I longed to accompany these hardy wood-cutters to the hummock where they were engaged in preparing live-oak timber for a man-of-war. Provided with axes and guns, we left the house to the care of the wife and children, and proceeded for several miles through a pine-barren, such as I have attempted to describe. One fine wild turkey was shot, and when we arrived at the shantee put up near the hummock, we found another party of wood-cutters waiting our arrival, before eating their breakfast, already prepared by a Negro man, to whom the turkey was consigned to be roasted for part of that day’s dinner.
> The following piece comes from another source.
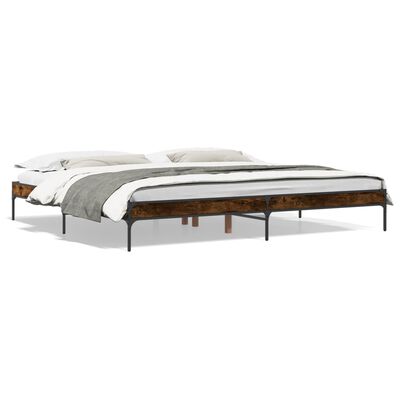 vidaXL Estructura cama madera ingeniería metal roble ahumado 200x200cm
Our repast was an excellent one, and vied with a Kentucky breakfast: beef, fish, potatoes, and other vegetables, were served up, with coffee in tin cups, and plenty of biscuit. Every man seemed hungry and happy, and the conversation assumed the most humorous character. The sun now rose above the trees, and all, excepting the cook, proceeded to the hummock, on which I had been gazing with great delight, as it promised rare sport. My host, I found, was the chief of the party; and although he also had an axe, he made no other use of it than for stripping here and there pieces of bark from certain trees which he considered of doubtful soundness. He was not only well versed in his profession, but generally intelligent, and from him I received the following account, which I noted at the time.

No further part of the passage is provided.